Unless this is some terribly poor trolling, in which case I've taken your bait...

3 comments

Not sure what a hot take is. It was a a genuine question - volcanic eruptions have well documented climatic effects.
It's kind of a compliment. "Hot take" is becoming common parlance, but a hot take as defined by Blind Boy Boathouse would be a connection you notice between two seemingly unrelated things, and then dive into to arrive at a smashing observation about, where you link those things by obsessively researching the connections between them, to reveal a hot take on events that no one has quite heard of, or had the same take on before.

Check out this, maybe the great hot take of all time. https://play.acast.com/s/blindboy/pooanon

It's kind of a compliment

I'm not so sure it is a compliment.

I've heard advertisements on the radio recently for financial and sports programs and web sites where they promise "No hot takes — only real information."

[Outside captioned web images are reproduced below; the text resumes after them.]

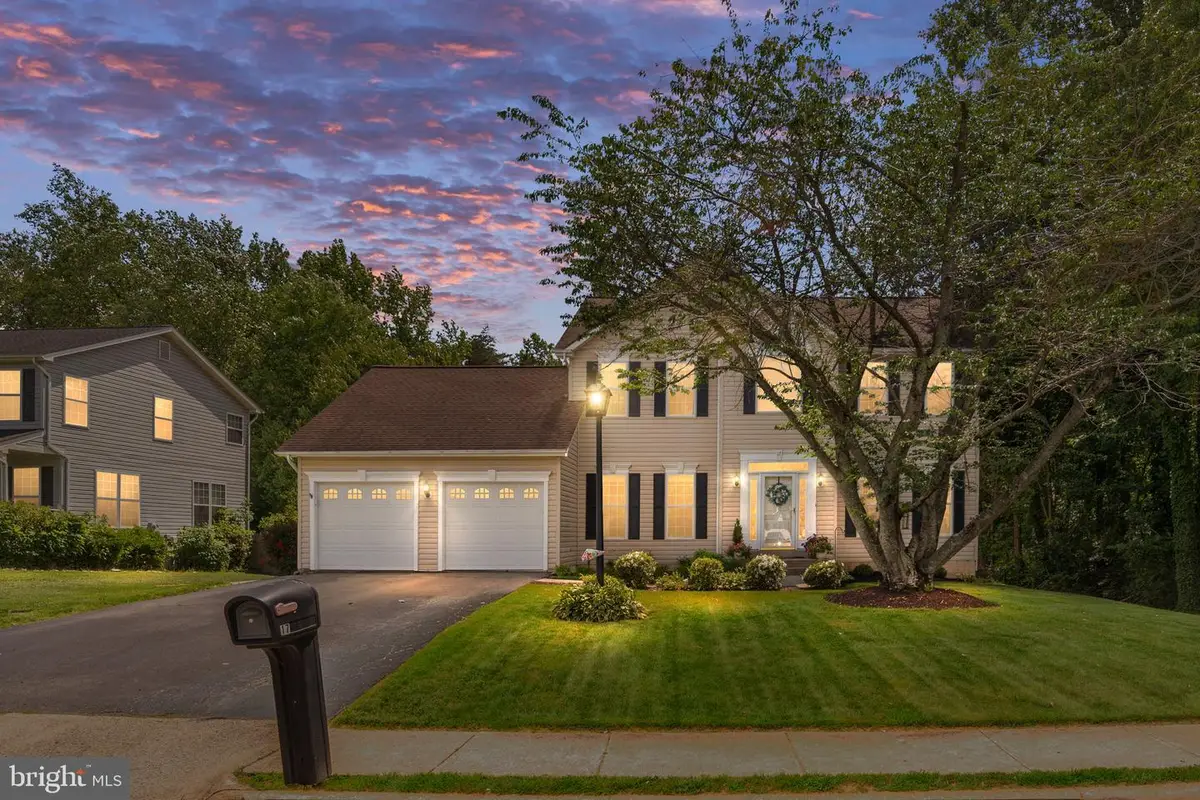17 Whitestone Dr, Stafford, VA 22556 - #1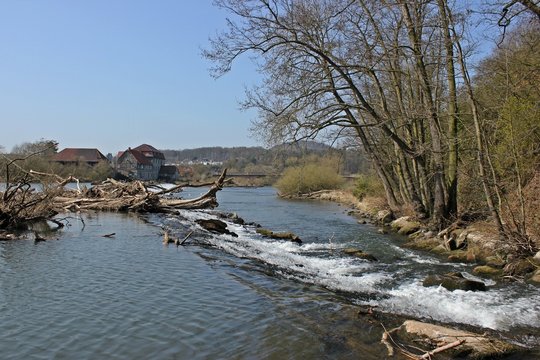 Das Wehr in der Eder bei Wolfershausen mit M&uuml;hle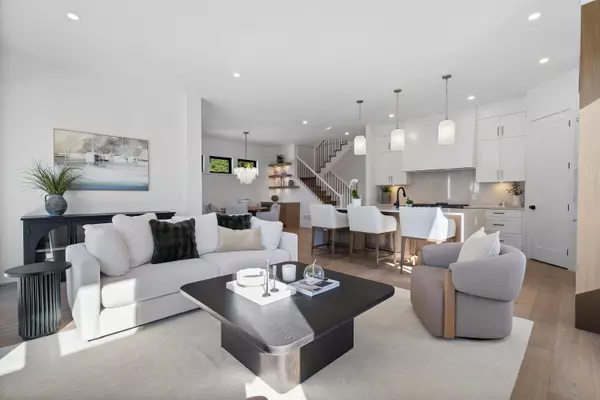 16243 10 AVE Surrey, BC V4A 1A9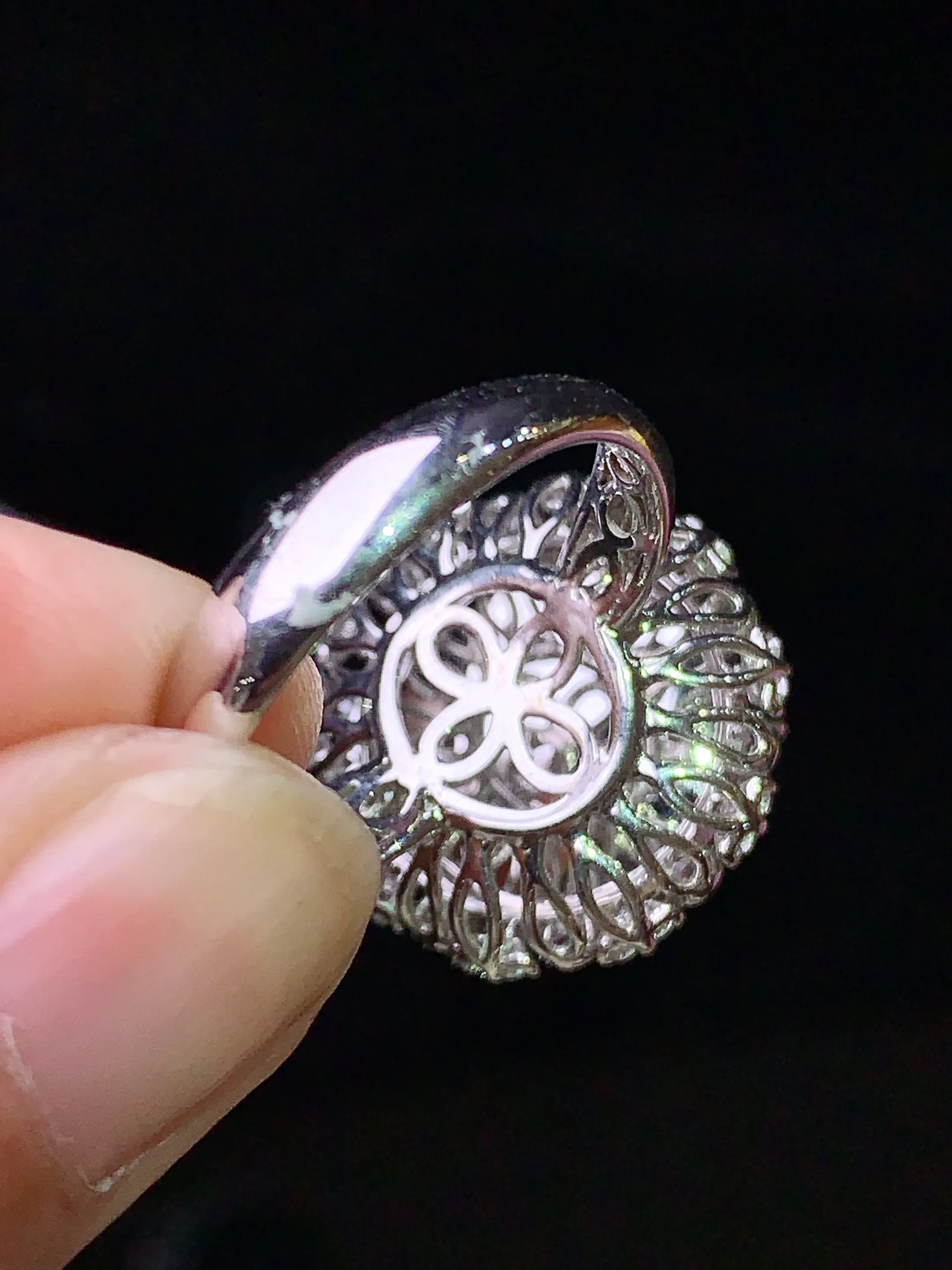 18k金钻镶嵌翠绿蛋面戒指 玉质细腻 水润亮眼 色泽艳丽 圈口14 整体尺寸18*14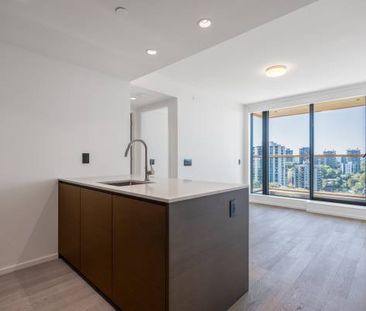 ***Brand New 1 bed+Den luxury apartment in downtown core - Photo 1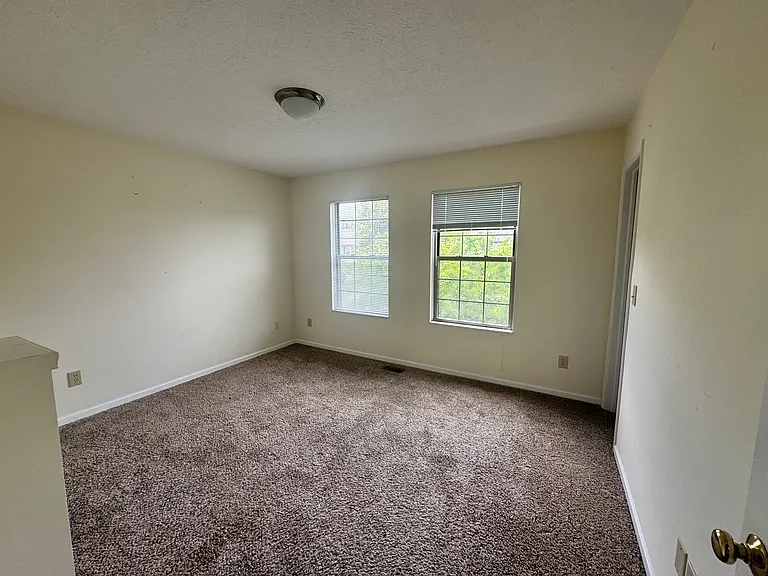 5698 Grantham Ln — Photo 8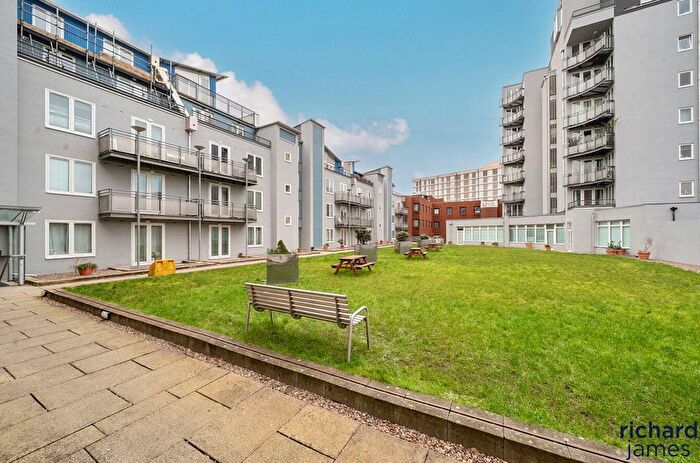 1 Bedroom Flat For Sale In Sanford Street, Swindon, SN1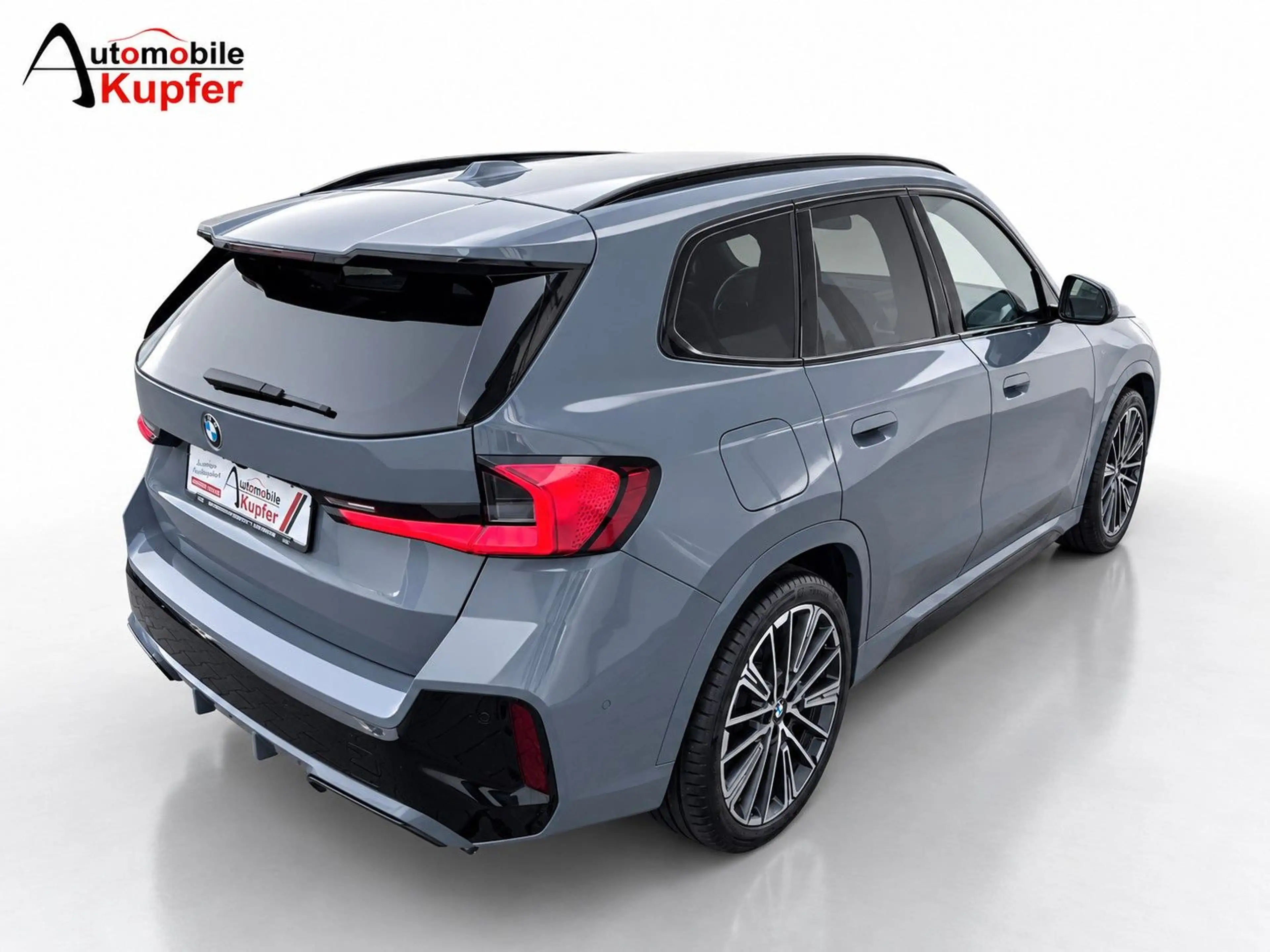 BMW X1 xDrive20d M Sport Aut. 20" AHK DA+ Ad.LED ACC — photo 9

Yeah, I think "hot take" [1] is the analytic analogue to expressions like "by the seat of the pants," [2] meaning something like: A rushed, likely emotional, reaction to something with no or minimal follow-up research or analysis.

  1: https://en.wikipedia.org/wiki/Hot_take
  2: https://writingexplained.org/idiom-dictionary/fly-by-the-seat-of-your-pants
Not precisely. What makes a "take" hot is its provocative or controversial nature. It's not quite flamebait -- that implies more of a deliberate attempt to sow discord -- but it's along the same lines.
Eh, that's what I was thinking too (except it's underwater). One good belch like this from Yellowstone and we'd be back in an ice age.
Aren't we still sort of in an ice age, in relative geologic terms?

Okay, yes we are, with the popular usage of ice age referring to the last period when glaciers were much more dominant.

https://en.wikipedia.org/wiki/Quaternary_glaciation

A definition of an ice age that I read somewhere is when there are permanent ice sheets at the poles.